While in Belfast I would also visit the Ulster Museum, where I could find paintings like Sir John Lavery’s “Daylight Raid from My Studio Window” that have inspired the ekphrastic poetry of Derek Mahon. I also want to plumb how the changing face of Northern Ireland alters the meaning of recent Irish poetry. What does it mean to read Mahon’s “Everything Is Going to Be All Right,” in a peaceful Belfast? Is the poem reconciled with a peaceful world or does it depend in some way upon “the Troubles”? What does it mean to read the lines, “There will be dying, there will be dying, / but there is no need to go into that” today and how would Irish citizens react to the poem today?

In the pursuit of so many prominent Irish writers, I would travel to Dublin. To research Joyce, I would visit the Joyce Museum in Martello Tower and look down at the “snotgreen sea,” before poking my way over to the James Joyce Centre. Of course Dublin has also hosted Yeats, Shaw, Kavanagh, and Heaney. I could sit beside Kavanagh’s statue along the Grand Canal and contemplate “Canal Bank Walk,” and look for that bird “gathering materials for the nest for the Word / Eloquently new and abandoned to its delirious beat.”

I would also seek out the Irish landscape. Poets like Mahon and Heaney are quick to conjure up meadows of herbs and beauty that ripen our appreciation of nature. I want to see what all of the fuss is about. Is it an accessible beauty? Is it created within the poetry for effect or does it stand alone? Perhaps January is not the most picturesque of months but any place holds a winter beauty.

Another goal of mine would be to meet and interview current Irish poets. I would like to hear how they conceive of the Irish poetic tradition, how important is it to be in Ireland when writing of Ireland, and how they believe the Irish country has shaped their own writing.

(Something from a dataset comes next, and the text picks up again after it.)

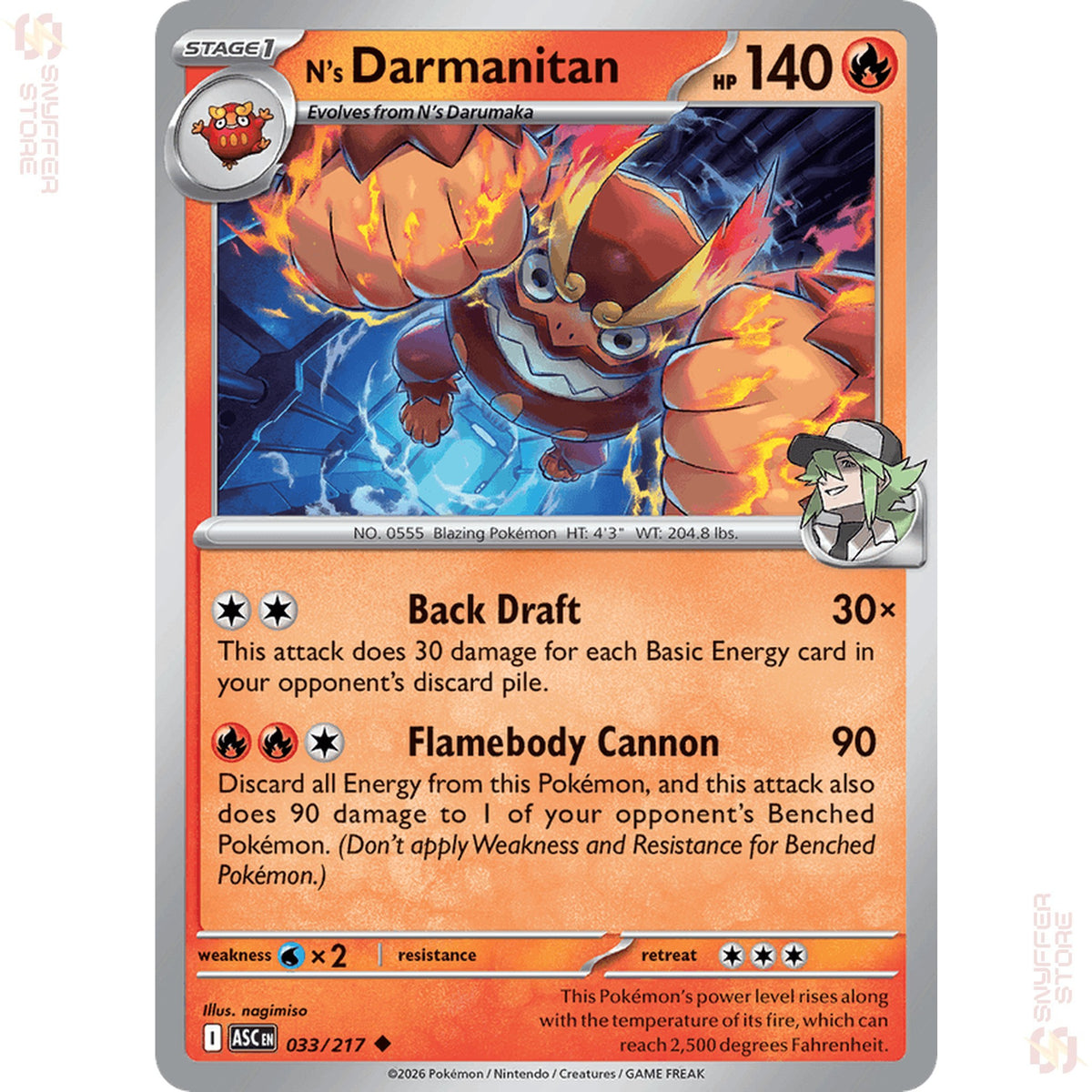 N's Darmanitan 033/217 – Ascended Heroes (ASC) – English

Beyond this, I wish to surrender myself to Ireland for a month, to discover new poets, poems, and places. In addition to writing my essay on relationship between Irish poets and the sense of place, I also hope to write my own poems, to expand my “word-horde.” I would greatly appreciate this opportunity to go and grow abroad. Thank you for your time and consideration.